The years click by in the label window in the lower right corner: 1990—2000—2010.

“There! That’s me! 2013. That’s my time. Can you freeze the frame? See? The water’s rising already.”

2020—2050—2080. The inexorable creep of blue, swallowing up the green and yellow and brown. The Netherlands. Belgium. Northern France. The Mediterranean flows unimpeded into the Persian Gulf. The Amazon and the Congo are inland seas.
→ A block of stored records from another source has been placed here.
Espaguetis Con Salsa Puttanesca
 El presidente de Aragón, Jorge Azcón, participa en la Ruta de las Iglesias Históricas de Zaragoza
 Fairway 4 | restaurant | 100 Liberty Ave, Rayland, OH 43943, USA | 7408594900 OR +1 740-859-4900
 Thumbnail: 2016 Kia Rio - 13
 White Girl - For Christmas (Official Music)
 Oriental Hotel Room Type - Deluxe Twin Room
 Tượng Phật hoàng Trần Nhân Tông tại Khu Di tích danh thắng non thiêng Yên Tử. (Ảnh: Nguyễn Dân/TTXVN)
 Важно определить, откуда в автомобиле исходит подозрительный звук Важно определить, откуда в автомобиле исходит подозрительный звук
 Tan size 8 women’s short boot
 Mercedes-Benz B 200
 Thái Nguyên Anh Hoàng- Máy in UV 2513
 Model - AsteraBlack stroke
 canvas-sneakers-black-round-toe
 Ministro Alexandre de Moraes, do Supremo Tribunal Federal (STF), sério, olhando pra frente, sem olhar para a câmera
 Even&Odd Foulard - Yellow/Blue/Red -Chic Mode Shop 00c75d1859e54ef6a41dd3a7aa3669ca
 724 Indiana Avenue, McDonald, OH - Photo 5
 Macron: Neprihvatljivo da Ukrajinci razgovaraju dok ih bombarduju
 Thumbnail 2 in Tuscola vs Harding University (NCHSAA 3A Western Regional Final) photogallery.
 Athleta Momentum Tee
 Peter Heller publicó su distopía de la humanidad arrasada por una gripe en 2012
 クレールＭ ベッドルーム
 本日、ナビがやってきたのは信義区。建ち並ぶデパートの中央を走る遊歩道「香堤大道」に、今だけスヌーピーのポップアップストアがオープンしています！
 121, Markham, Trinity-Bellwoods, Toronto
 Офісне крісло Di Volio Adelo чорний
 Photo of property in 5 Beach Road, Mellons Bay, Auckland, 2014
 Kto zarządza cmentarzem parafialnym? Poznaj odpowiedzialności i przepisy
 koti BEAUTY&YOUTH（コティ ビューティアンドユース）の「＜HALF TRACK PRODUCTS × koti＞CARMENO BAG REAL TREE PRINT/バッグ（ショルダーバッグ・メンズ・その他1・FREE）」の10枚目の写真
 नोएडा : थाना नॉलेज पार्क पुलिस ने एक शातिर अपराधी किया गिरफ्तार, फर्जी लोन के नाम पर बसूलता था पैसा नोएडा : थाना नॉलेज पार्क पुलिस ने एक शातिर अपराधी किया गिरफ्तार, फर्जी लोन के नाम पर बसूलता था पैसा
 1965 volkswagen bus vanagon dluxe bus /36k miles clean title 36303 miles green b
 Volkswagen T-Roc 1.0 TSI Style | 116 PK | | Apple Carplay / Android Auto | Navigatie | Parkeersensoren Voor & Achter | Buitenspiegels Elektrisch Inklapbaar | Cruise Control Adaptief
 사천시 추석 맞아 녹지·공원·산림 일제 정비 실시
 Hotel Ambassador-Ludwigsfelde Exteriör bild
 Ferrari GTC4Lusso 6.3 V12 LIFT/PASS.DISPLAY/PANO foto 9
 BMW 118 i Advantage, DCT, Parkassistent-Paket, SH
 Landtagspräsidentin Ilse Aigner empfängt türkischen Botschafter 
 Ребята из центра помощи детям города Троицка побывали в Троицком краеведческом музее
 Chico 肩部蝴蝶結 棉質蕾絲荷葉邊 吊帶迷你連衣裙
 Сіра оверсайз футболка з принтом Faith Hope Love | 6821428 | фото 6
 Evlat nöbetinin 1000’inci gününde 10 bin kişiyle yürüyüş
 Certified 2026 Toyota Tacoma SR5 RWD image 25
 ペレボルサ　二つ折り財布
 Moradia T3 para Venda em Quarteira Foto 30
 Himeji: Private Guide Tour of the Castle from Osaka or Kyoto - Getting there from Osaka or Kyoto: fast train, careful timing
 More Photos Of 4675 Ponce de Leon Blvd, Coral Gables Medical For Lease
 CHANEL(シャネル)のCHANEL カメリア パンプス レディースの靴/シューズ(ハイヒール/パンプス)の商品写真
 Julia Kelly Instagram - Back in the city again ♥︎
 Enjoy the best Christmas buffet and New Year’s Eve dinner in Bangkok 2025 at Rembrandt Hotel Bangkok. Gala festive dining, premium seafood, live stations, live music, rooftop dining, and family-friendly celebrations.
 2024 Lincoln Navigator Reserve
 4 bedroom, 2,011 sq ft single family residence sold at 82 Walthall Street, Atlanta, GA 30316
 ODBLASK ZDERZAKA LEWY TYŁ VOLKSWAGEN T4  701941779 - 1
A whole lot of India, vanished. All gone to water.

2120—2150—2180. Entire island chains have disappeared. The contour of North America is blunted by the loss of the eastern and Gulf coasts. There is no sign of Florida.

Leif has his brow pressed tight against his fists. “I know, I know . . . but the risk! The risk!”

Luther says, “If da One can’t makit heah ta help us, it woan mattah if da kids grow up or not.”

2200—2210. The clock edges up to 2213 and freezes. There is so little green left, N’Doch has to search for it. 2213. No further.

“That’s it?” asks N’Doch. “That’s where we are now?”

There’s not much more yellow and brown than there is green. The entire world is being sucked back into the oceans.

“2213. I was sure it woulda been further. To get so bad, y’know?” He sits back, looks at Cauldwell. “That make any difference in your thinking?”

“Makes me think how precious our lives are. Not to be thrown away on grand gestures and guesswork!”

N’Doch leans forward again. “But what if that’s all we have?”

“Yu tellit yerself, Leif. How da One’ll show us da way.” Luther eyes the disconsolate rebel leader in quiet challenge. “Wheah’s ya fait’?”

Paia has thought she would resist them, that she must resist them, out of duty to Fire, her dragon. A clear and present duty, even when redefined by what she knows now about the nature of their connection.

Instead, she cedes the floor to Luco—or Leif Cauldwell, as she must now learn to call him, her cousin Leif—as he resists their plan for entirely different reasons. For the cause of sanity. For “his people,” who she used to think were her people, or the God’s. And for the lovely sleeping child he’s picked up to cradle in his arms.